Problem to solve:
Begin with the line below holding "Montenegro Backpackers Home" and go on through the line holding "Single Family Residence", duplicating each line exactly and leaving out pictures.

Extracted data:
====

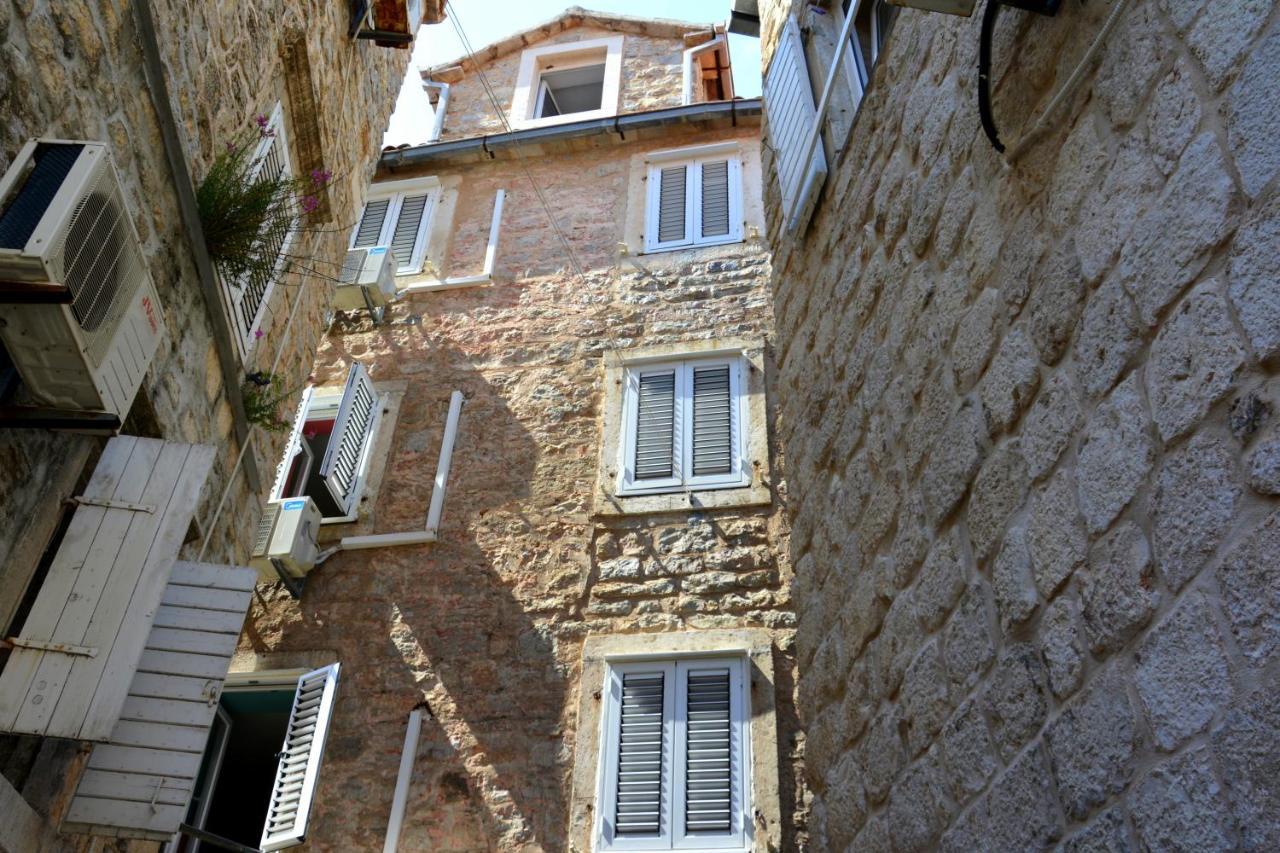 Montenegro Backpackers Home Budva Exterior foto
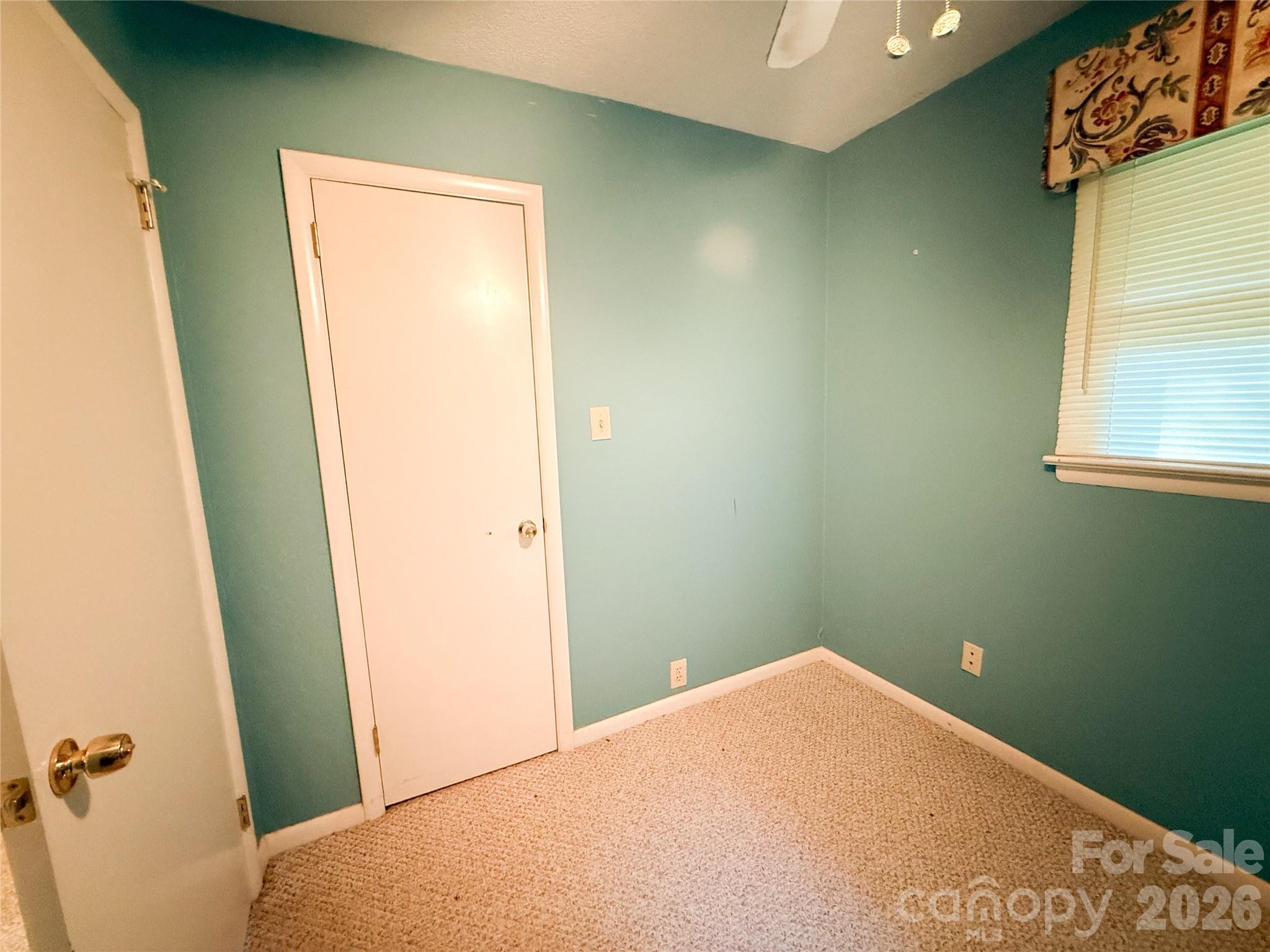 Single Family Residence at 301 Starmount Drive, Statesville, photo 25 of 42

====

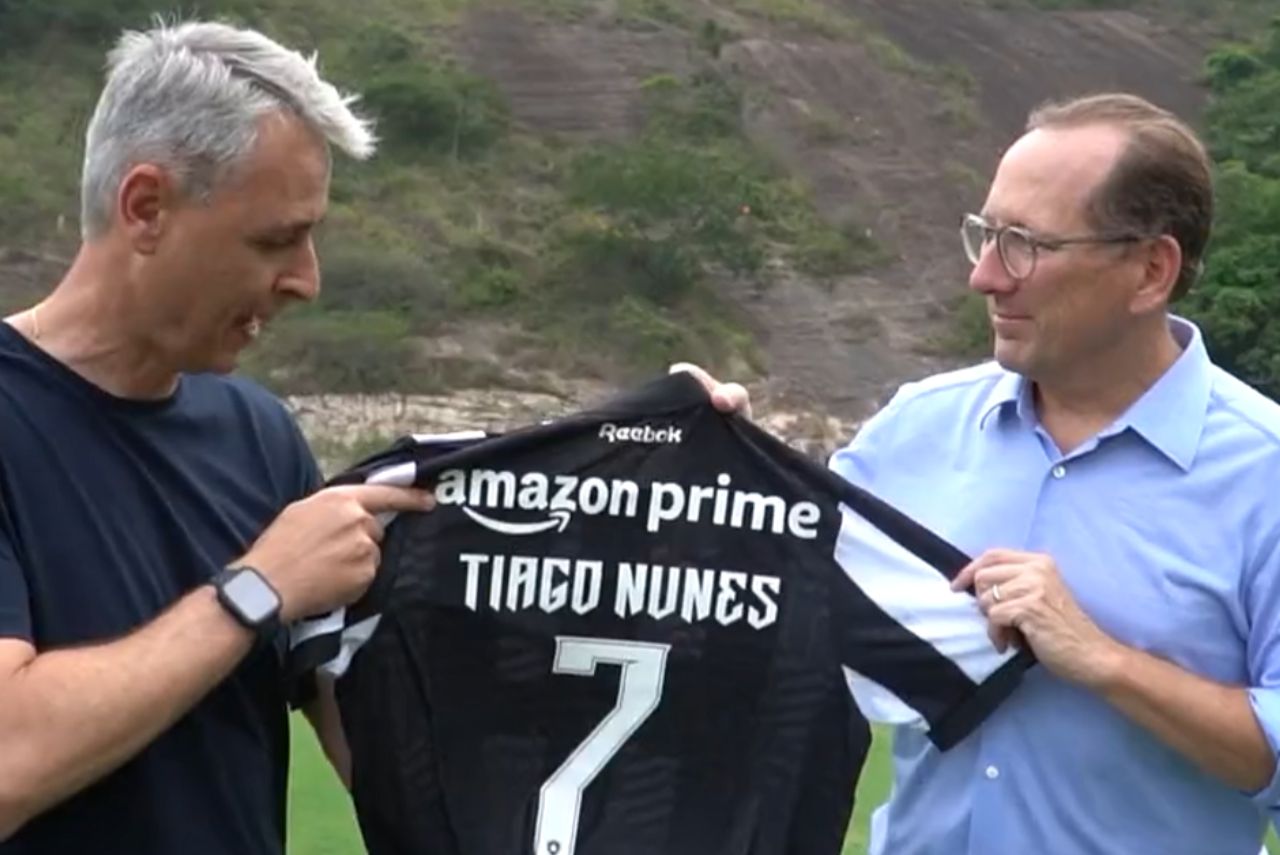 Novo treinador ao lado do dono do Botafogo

====

Written response:
 Montenegro Backpackers Home Budva Exterior foto
 Single Family Residence at 301 Starmount Drive, Statesville, photo 25 of 42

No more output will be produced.